> PROBLEM REQUIREMENTS:
Once the line with "Двухместный номер с" is found, write it out along with each later line exactly, through the end of the entries, skipping every picture.

[Records from a data collection]
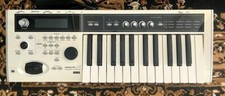 korg micro x d'occasion  Expédié en Belgium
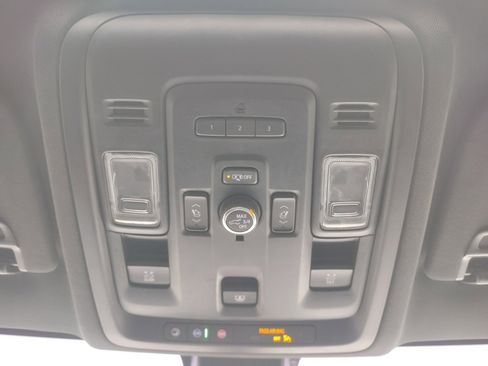 Used 2021 Chevrolet Suburban High Country image 35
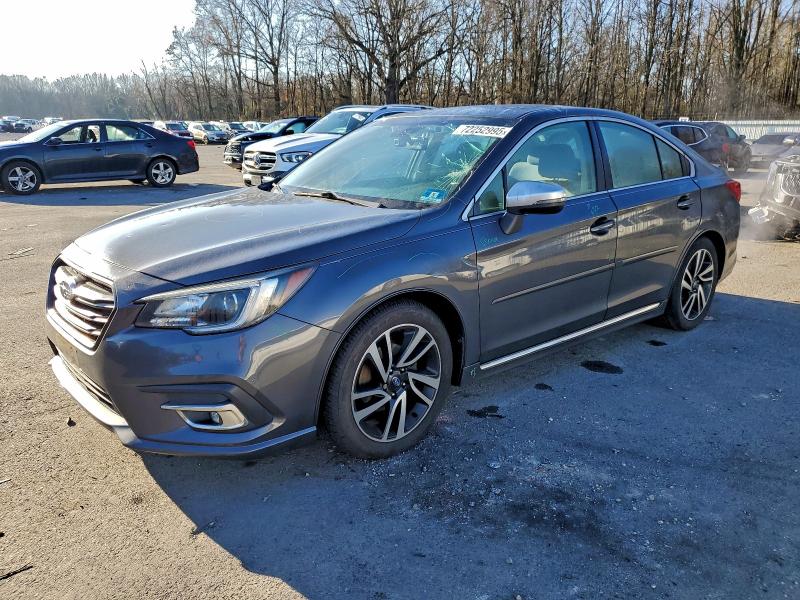 Фото 1 - SUBARU LEGACY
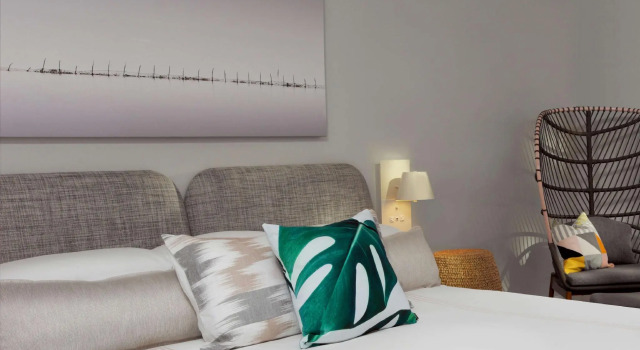 Двухместный номер с видом на океан Pelican Grand Beach Resort, a Noble House Resort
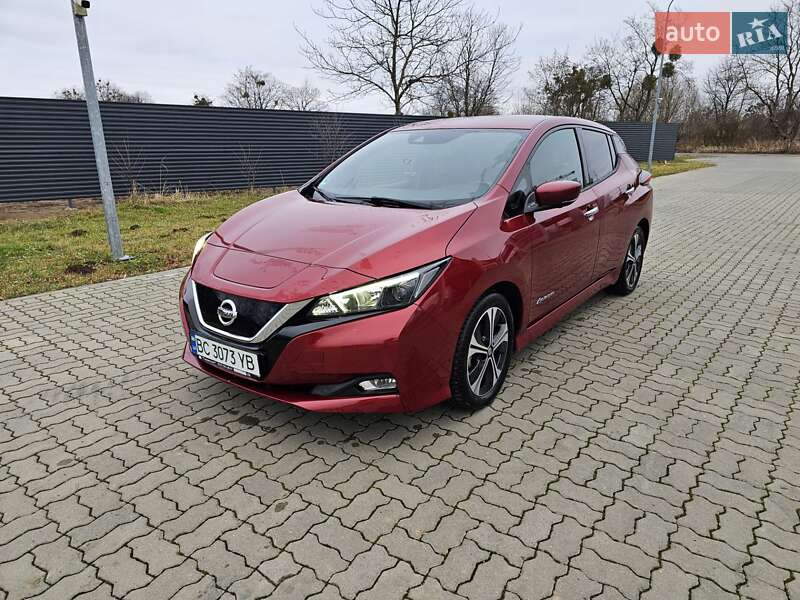 Хэтчбек Nissan Leaf 2018 в Стрые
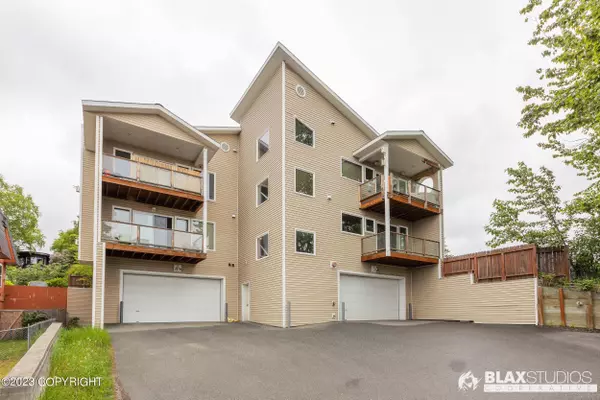 540 Eyak DR, Anchorage, AK 99501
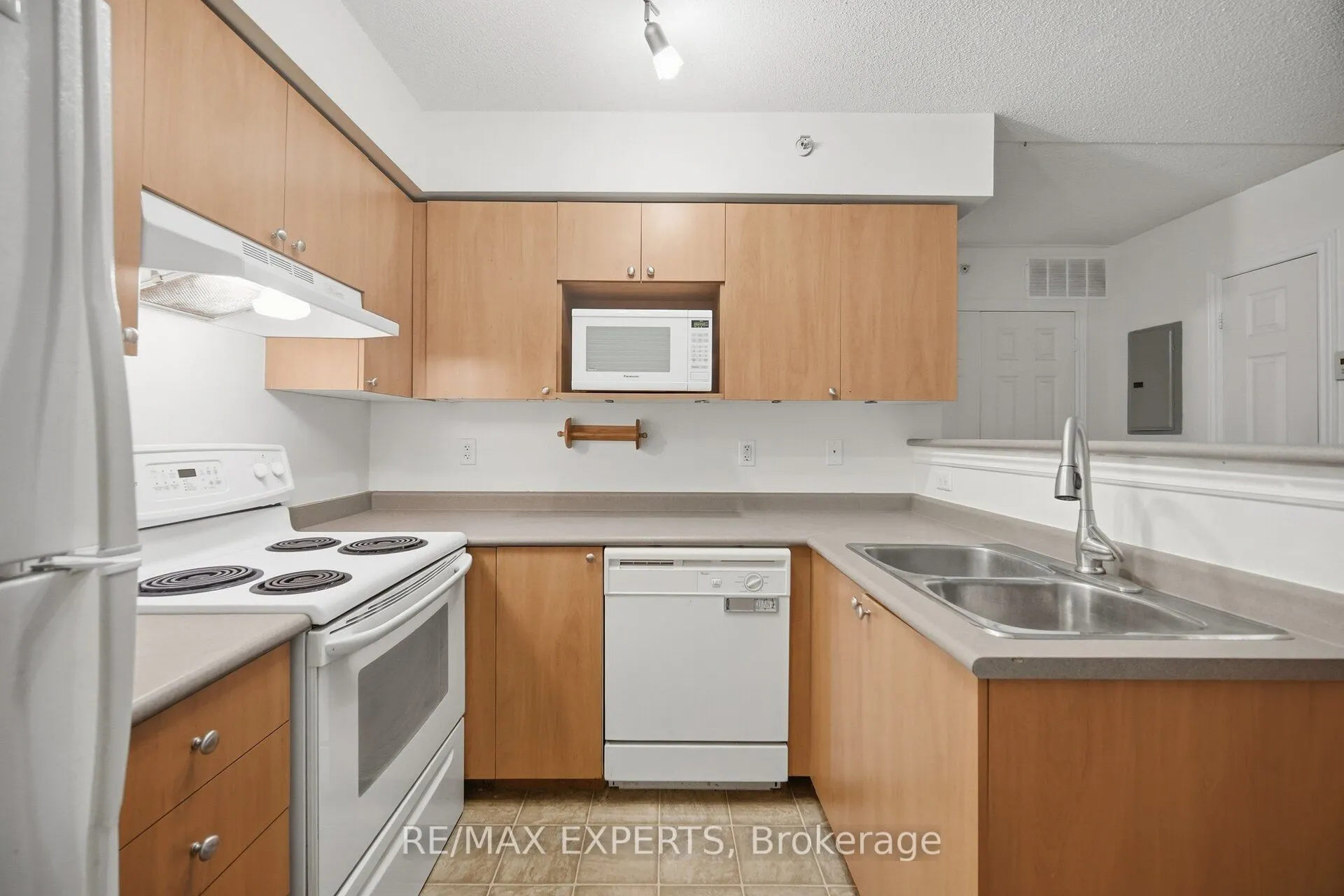 1491 Maple Avenue #206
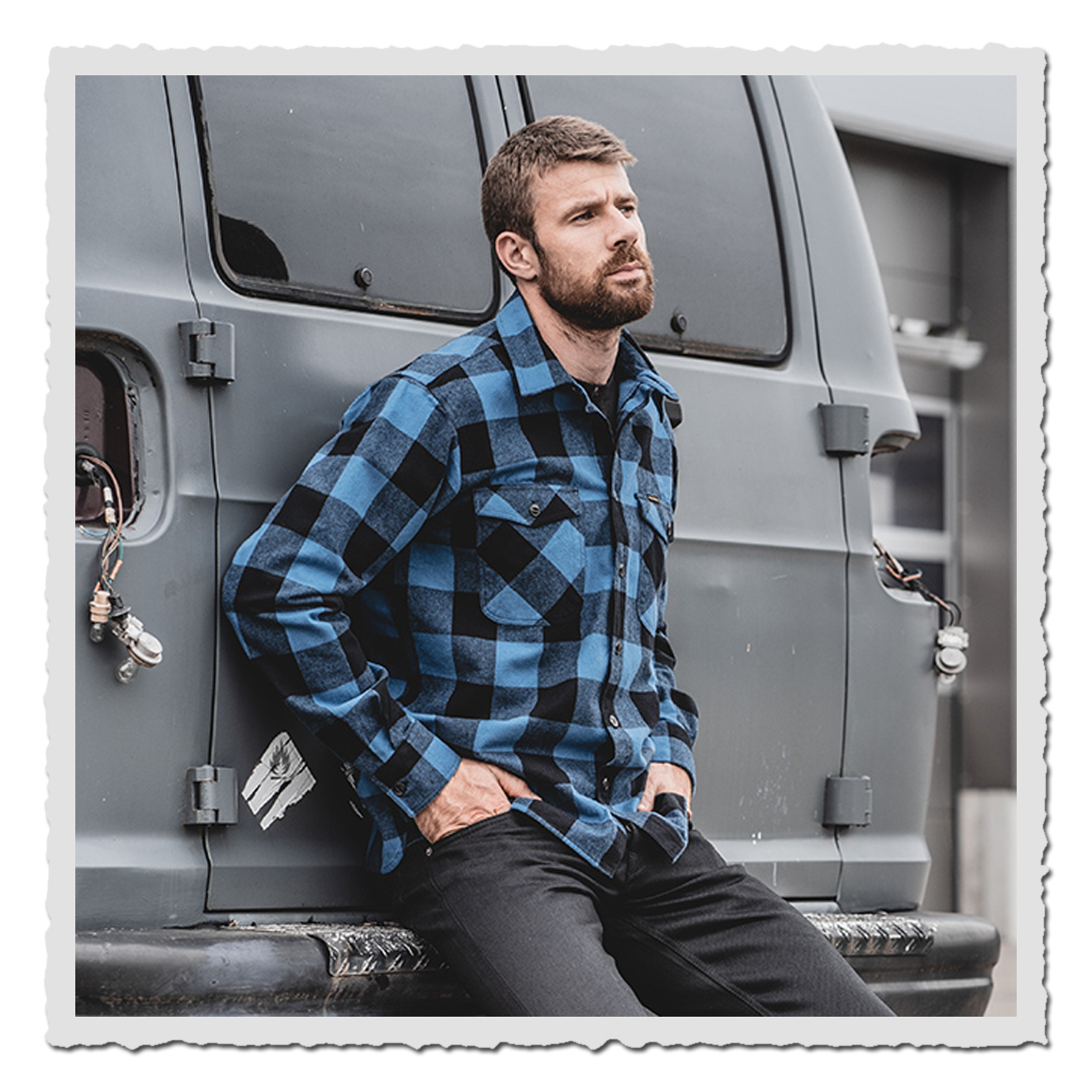 Workwear Hemd Pike Brothers blau kariert Buffalo Check wird von einem Mann getragen
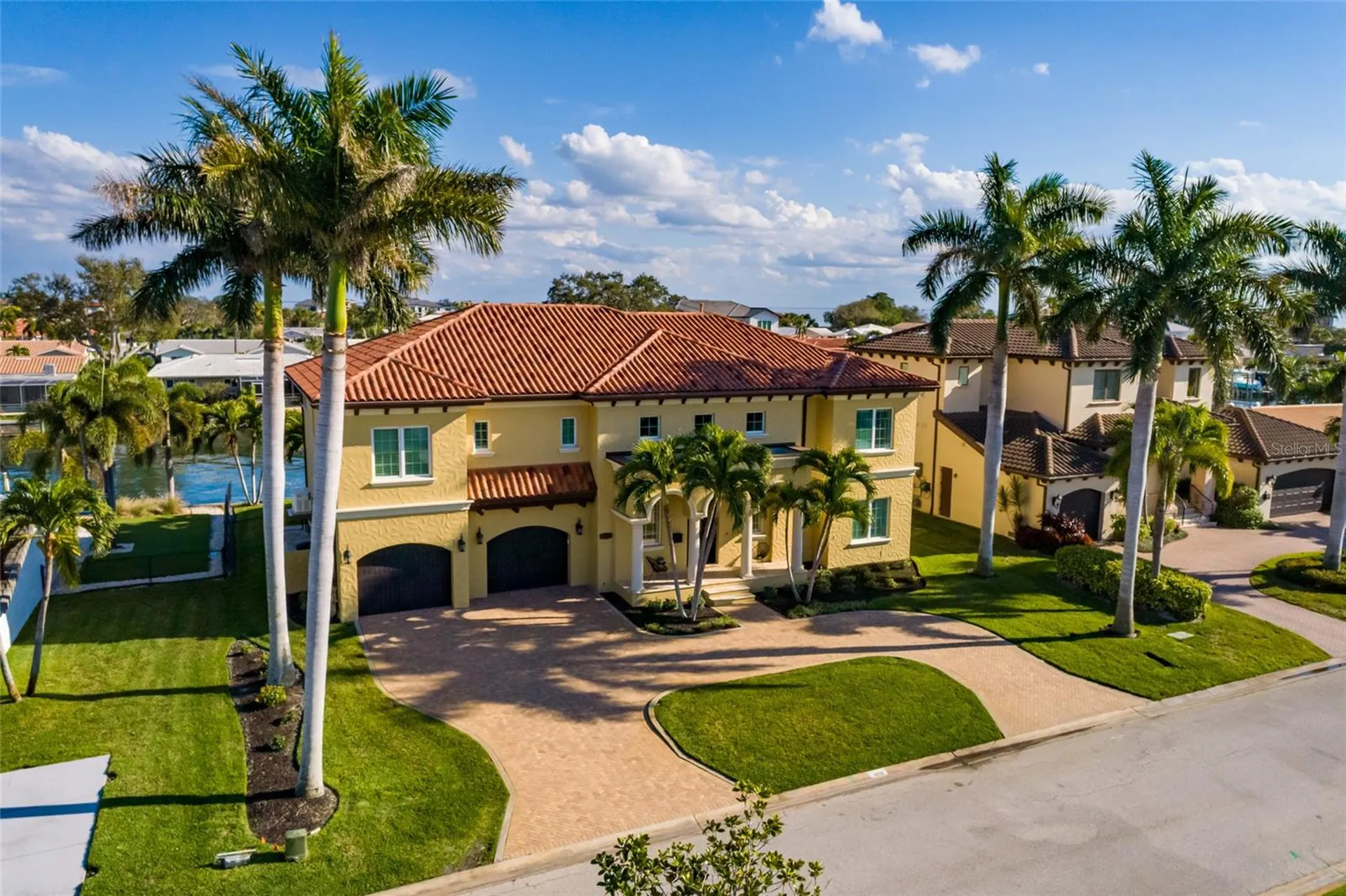 1976 Kansas Avenue NE St Petersburg FL 33703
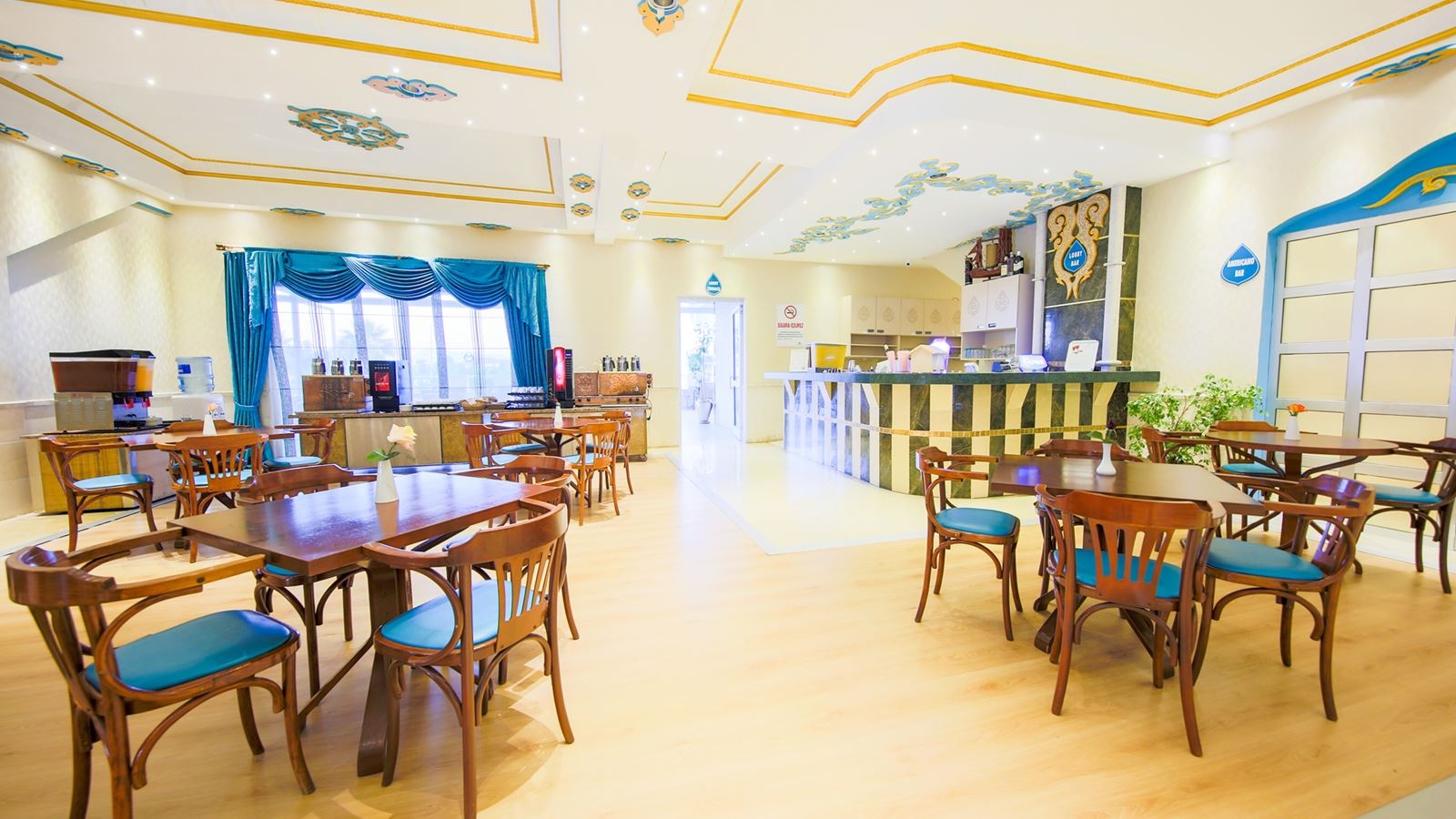 bars-lodos-lobby-bar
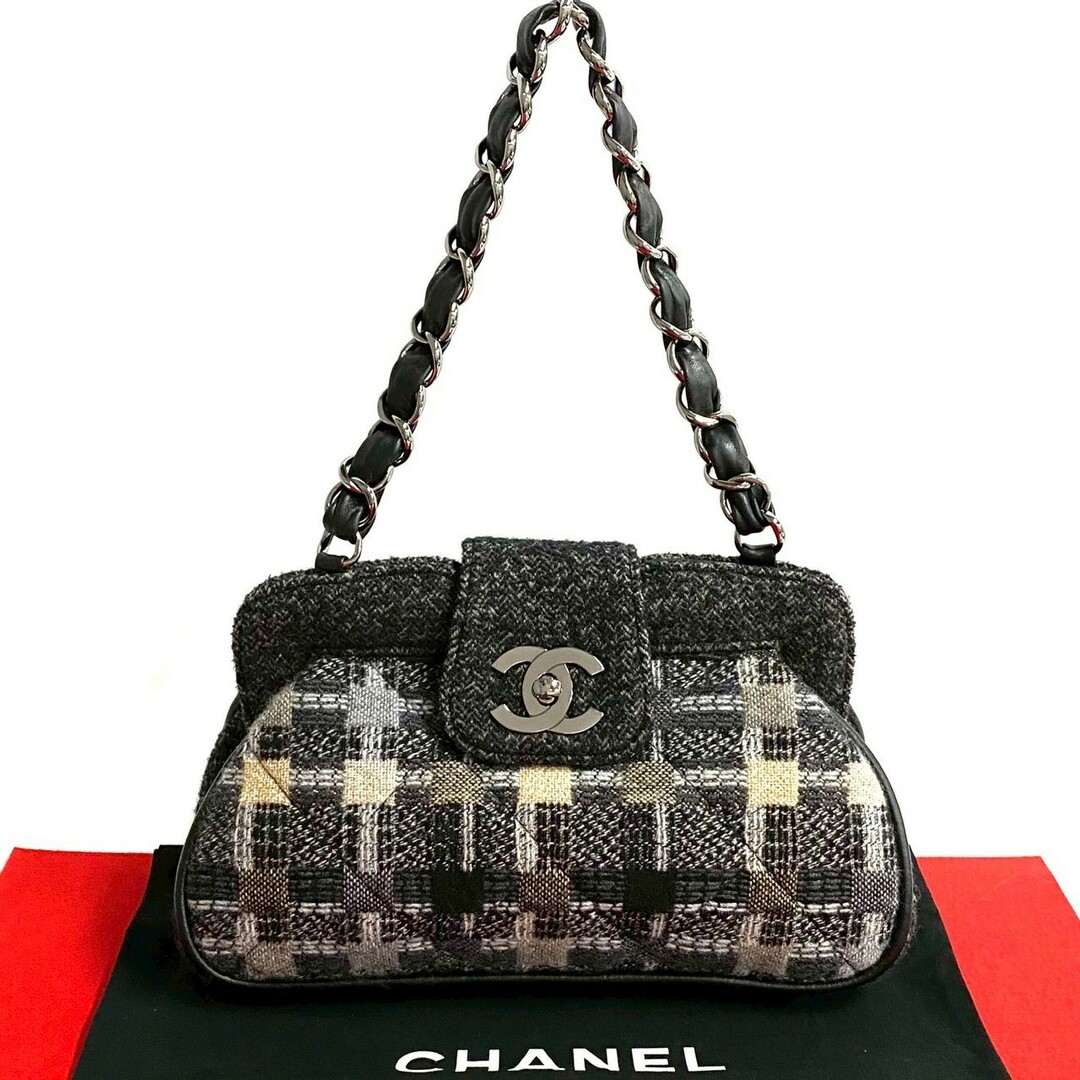 CHANEL - 極 美品 袋付 シール有 10番台 CHANEL シャネル ココ CHANEL - 極 美品 袋付 シール有 10番台 CHANEL シャネル ココ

> RESPONSE BOX:
 Двухместный номер с видом на океан Pelican Grand Beach Resort, a Noble House Resort
 Хэтчбек Nissan Leaf 2018 в Стрые
 540 Eyak DR, Anchorage, AK 99501
 1491 Maple Avenue #206
 Workwear Hemd Pike Brothers blau kariert Buffalo Check wird von einem Mann getragen
 1976 Kansas Avenue NE St Petersburg FL 33703
 bars-lodos-lobby-bar
 CHANEL - 極 美品 袋付 シール有 10番台 CHANEL シャネル ココ CHANEL - 極 美品 袋付 シール有 10番台 CHANEL シャネル ココ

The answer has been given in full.